DRE-Bot: A Hierarchical First Person Shooter Bot Using Multiple Sarsa(λ) Reinforcement Learners
This work addresses the challenge of creating adaptive bots for FPS games, but it is incremental as it applies an existing reinforcement learning method to a specific gaming domain.
The paper tackled the problem of controlling non-player characters in the First Person Shooter game Unreal Tournament 2004 by proposing the DRE-Bot architecture, which uses three reinforcement learners based on the tabular Sarsa(λ) algorithm, and tested its performance against fixed strategy bots, varying parameters like γ and λ to assess their effects.

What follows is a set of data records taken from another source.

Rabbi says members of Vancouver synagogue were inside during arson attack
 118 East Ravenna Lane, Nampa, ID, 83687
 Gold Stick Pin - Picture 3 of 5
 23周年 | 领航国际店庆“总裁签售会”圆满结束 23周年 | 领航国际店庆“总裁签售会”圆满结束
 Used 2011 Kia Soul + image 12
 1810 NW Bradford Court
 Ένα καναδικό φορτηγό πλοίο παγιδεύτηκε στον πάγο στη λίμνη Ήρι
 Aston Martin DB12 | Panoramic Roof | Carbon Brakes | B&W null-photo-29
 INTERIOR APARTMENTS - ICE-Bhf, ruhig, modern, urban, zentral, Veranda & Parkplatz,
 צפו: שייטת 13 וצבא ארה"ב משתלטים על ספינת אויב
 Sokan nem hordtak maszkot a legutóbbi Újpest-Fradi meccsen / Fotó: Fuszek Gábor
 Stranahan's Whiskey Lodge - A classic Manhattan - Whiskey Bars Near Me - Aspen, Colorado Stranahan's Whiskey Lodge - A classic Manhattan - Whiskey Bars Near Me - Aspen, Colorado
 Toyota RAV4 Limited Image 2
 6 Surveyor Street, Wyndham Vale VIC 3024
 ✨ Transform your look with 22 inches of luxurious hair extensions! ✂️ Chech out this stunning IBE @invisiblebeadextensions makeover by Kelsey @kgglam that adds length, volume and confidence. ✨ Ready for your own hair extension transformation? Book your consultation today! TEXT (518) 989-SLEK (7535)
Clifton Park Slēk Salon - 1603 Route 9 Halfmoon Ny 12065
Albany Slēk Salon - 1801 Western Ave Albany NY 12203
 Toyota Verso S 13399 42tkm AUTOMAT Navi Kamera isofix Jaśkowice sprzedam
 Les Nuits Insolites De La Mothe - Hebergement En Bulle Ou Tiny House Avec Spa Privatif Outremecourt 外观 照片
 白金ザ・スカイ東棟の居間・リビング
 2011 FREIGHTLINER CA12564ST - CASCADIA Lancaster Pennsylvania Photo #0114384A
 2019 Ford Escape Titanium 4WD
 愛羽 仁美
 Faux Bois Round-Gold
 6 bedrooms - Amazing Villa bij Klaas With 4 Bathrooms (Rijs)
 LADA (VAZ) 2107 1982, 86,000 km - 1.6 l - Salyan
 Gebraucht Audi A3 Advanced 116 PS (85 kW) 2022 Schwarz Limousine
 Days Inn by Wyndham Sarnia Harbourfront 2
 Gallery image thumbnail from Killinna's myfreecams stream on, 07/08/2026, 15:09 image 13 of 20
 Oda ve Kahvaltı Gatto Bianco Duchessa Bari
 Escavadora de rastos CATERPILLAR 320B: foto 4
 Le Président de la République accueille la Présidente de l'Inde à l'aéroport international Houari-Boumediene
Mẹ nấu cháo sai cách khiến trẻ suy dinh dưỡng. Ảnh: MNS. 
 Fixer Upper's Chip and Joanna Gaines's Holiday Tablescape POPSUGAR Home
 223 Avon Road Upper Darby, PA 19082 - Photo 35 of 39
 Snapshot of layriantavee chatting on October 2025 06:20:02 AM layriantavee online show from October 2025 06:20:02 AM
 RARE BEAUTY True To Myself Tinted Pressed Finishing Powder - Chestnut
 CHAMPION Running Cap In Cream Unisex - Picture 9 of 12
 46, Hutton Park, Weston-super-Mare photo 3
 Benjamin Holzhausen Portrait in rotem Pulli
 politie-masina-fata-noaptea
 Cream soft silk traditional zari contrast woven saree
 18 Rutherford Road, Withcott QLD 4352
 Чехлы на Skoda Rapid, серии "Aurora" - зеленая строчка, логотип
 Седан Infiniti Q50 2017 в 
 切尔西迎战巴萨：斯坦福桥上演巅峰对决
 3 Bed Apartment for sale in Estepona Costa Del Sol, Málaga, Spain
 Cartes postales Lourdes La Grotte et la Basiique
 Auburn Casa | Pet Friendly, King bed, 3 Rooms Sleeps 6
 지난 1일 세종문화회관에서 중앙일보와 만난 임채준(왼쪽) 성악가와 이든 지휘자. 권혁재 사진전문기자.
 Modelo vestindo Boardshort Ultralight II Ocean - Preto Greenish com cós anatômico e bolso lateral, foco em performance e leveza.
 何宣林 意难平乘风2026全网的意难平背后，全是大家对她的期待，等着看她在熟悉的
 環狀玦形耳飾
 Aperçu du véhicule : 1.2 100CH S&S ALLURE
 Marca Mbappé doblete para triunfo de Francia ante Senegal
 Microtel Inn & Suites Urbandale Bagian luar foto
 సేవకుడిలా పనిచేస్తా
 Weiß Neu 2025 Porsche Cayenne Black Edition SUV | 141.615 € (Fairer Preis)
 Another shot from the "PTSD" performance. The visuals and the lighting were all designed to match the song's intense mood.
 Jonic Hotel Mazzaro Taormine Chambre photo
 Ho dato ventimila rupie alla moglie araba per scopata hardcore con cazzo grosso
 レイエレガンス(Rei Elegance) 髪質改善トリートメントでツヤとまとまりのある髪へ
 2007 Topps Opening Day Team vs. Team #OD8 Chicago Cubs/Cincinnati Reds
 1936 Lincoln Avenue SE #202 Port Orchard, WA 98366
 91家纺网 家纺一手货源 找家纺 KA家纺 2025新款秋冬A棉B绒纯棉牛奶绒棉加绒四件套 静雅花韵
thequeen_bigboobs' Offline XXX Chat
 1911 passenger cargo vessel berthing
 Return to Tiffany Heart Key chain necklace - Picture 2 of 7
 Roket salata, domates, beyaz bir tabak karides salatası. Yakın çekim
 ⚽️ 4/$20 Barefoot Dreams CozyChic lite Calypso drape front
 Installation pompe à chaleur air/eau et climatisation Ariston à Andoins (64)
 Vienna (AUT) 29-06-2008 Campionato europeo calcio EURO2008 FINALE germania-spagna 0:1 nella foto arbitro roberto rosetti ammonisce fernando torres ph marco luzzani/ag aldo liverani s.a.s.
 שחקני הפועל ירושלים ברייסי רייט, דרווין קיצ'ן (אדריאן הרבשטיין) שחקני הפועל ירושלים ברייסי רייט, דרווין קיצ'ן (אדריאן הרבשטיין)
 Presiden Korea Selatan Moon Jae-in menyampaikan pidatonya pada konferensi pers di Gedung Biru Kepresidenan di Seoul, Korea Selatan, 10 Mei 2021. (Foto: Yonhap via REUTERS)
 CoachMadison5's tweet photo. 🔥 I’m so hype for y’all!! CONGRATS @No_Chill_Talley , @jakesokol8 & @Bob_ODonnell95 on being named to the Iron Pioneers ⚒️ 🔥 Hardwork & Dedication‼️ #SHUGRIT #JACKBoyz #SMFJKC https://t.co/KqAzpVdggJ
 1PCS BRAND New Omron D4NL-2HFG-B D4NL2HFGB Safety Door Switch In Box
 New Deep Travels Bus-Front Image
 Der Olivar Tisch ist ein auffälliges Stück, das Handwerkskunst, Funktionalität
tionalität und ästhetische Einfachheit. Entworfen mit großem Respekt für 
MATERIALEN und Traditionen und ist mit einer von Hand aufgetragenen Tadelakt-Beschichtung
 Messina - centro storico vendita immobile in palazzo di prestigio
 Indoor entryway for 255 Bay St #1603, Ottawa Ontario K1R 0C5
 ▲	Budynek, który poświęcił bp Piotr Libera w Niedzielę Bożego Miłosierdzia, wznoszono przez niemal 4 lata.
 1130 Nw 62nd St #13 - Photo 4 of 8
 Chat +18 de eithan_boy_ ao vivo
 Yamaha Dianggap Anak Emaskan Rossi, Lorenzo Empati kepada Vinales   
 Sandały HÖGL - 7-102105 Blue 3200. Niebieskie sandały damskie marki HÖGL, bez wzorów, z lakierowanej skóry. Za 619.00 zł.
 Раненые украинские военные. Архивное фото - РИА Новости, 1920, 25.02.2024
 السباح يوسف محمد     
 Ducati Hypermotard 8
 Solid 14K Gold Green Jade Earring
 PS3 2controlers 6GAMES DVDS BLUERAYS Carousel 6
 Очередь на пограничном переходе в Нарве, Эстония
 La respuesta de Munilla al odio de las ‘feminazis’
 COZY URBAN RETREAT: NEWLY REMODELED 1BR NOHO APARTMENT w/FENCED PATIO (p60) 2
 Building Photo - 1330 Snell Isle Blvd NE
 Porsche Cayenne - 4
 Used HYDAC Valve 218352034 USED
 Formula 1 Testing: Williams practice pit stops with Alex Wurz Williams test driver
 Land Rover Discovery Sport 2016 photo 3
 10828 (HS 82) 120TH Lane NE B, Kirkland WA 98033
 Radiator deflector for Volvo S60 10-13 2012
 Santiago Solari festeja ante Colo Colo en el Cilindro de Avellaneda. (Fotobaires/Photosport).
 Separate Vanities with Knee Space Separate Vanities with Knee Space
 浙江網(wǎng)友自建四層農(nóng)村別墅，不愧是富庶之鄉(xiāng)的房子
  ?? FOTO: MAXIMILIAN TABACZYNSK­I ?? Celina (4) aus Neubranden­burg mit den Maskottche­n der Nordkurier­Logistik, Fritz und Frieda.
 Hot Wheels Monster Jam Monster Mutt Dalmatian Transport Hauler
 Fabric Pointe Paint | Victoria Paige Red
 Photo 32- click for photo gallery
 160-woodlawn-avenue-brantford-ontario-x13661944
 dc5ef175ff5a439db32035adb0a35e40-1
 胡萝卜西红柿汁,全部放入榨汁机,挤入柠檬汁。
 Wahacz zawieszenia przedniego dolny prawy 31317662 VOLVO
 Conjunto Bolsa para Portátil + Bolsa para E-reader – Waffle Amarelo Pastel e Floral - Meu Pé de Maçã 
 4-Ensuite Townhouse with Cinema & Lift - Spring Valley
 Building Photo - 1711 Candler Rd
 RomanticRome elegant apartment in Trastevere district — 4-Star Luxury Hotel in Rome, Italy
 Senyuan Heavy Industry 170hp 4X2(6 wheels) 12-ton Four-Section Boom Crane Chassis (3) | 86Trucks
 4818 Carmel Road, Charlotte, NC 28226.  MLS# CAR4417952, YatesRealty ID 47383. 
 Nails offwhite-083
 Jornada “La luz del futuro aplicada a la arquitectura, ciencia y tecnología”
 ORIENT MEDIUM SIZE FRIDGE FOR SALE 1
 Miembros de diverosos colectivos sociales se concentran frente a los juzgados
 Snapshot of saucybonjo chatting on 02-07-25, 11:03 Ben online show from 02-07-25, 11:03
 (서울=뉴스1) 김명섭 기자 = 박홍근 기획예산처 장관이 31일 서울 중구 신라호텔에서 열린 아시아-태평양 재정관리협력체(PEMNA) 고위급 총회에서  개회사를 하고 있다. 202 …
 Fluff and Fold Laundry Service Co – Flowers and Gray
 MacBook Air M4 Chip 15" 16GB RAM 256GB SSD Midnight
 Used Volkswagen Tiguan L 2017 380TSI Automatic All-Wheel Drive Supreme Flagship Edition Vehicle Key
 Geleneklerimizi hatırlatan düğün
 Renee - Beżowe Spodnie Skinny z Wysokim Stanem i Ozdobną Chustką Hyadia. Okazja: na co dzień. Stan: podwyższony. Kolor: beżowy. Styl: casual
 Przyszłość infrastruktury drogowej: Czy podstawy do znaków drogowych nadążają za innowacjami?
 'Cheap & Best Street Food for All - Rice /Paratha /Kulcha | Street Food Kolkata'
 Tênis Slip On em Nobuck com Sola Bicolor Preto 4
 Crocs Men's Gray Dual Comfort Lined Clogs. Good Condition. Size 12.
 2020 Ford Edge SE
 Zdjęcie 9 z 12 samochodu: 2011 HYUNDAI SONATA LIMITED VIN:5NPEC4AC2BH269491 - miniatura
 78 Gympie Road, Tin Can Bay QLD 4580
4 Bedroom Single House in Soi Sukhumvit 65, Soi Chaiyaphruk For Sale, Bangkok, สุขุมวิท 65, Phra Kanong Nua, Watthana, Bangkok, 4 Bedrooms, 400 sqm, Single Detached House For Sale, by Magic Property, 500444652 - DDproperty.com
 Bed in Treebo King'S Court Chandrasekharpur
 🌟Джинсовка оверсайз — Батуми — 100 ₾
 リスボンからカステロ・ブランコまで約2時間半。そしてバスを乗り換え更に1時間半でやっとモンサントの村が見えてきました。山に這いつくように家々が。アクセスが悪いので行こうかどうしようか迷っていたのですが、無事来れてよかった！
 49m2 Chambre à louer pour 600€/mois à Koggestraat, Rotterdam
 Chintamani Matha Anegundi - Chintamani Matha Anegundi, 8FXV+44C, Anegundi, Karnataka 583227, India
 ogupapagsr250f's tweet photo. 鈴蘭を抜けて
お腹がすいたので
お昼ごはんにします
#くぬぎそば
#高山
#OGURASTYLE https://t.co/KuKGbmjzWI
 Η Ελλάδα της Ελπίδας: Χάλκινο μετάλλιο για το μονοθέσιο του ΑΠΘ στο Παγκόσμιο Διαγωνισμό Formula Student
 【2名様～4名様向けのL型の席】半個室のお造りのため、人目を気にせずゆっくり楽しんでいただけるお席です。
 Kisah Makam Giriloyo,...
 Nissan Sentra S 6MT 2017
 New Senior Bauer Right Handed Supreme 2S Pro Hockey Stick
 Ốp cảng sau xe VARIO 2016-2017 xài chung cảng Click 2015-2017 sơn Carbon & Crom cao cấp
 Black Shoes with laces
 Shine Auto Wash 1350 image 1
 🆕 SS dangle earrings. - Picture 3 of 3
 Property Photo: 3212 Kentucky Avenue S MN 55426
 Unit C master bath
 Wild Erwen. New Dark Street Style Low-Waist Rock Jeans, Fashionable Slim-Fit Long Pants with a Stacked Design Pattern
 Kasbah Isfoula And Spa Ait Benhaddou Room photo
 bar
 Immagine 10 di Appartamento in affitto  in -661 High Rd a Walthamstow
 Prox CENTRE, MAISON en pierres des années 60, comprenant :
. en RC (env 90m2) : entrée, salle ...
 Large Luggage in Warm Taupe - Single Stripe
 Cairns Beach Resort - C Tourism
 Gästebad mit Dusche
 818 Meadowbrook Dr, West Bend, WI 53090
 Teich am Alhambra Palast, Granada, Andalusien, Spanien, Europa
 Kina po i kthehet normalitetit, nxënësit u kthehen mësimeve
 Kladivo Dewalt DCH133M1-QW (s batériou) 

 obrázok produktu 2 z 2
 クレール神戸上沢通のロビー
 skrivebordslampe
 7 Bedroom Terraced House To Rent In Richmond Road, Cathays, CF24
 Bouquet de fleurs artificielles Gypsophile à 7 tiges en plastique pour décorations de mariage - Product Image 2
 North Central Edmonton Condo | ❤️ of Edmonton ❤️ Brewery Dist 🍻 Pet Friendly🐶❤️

This paper describes an architecture for controlling non-player characters (NPC) in the First Person Shooter (FPS) game Unreal Tournament 2004. Specifically, the DRE-Bot architecture is made up of three reinforcement learners, Danger, Replenish and Explore, which use the tabular Sarsa(λ) algorithm. This algorithm enables the NPC to learn through trial and error building up experience over time in an approach inspired by human learning. Experimentation is carried to measure the performance of DRE-Bot when competing against fixed strategy bots that ship with the game. The discount parameter, γ, and the trace parameter, λ, are also varied to see if their values have an effect on the performance.